Task item
Retype nothing except the lines below from the one with "Two Apples - Anton" through the one with "Sarah - Veste cuir sans manche", exactly, with images left out.

Records to process
*** Block opens ***
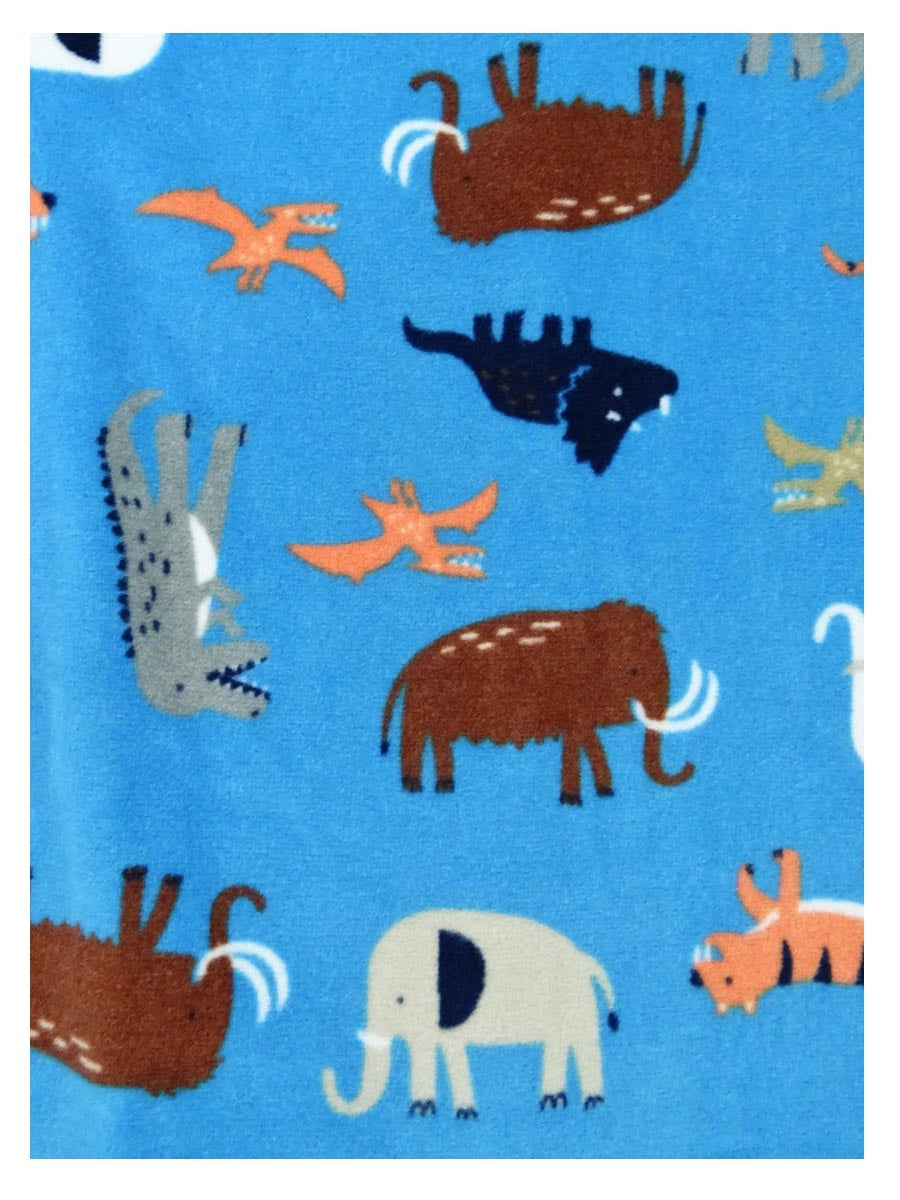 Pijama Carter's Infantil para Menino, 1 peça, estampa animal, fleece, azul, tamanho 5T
*** Block closes ***
*** Block opens ***
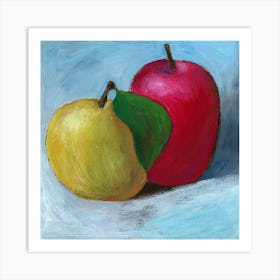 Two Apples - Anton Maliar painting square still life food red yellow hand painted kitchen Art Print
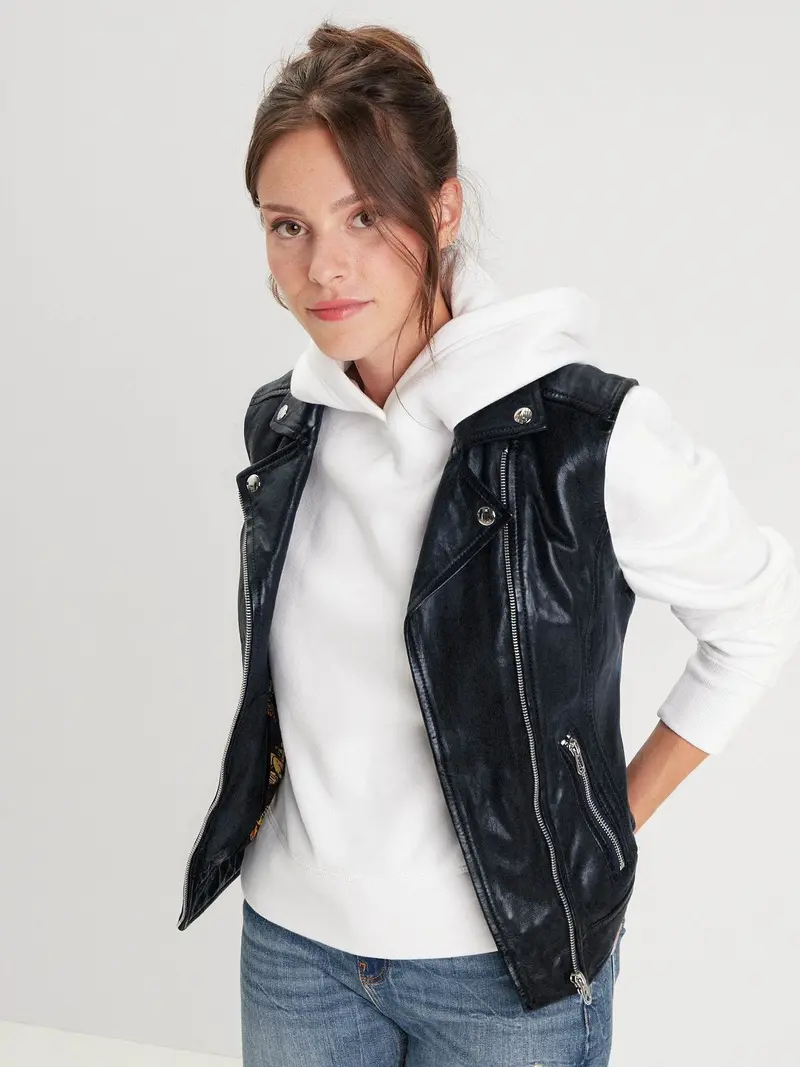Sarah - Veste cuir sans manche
*** Block closes ***
*** Block opens ***
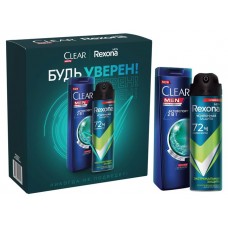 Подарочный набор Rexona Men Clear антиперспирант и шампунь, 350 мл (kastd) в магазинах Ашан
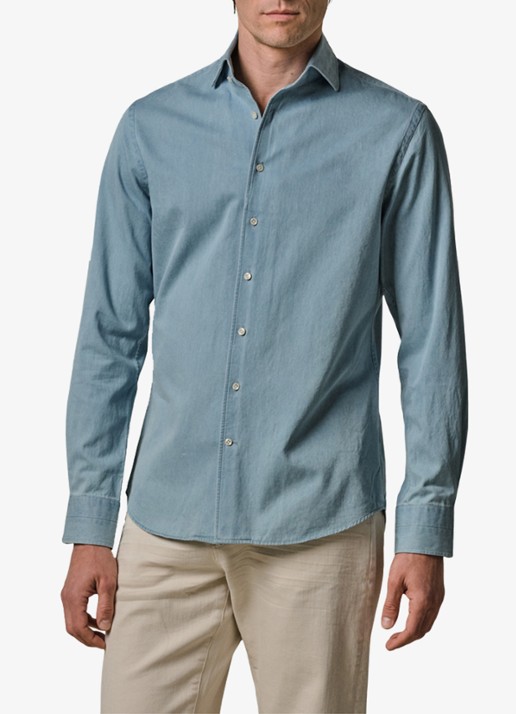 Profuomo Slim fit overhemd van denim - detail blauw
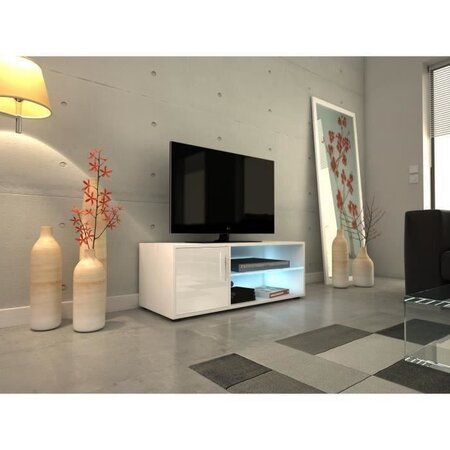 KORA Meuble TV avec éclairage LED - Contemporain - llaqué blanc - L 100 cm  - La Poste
*** Block closes ***
Answer for this exercise
 Two Apples - Anton Maliar painting square still life food red yellow hand painted kitchen Art Print
Sarah - Veste cuir sans manche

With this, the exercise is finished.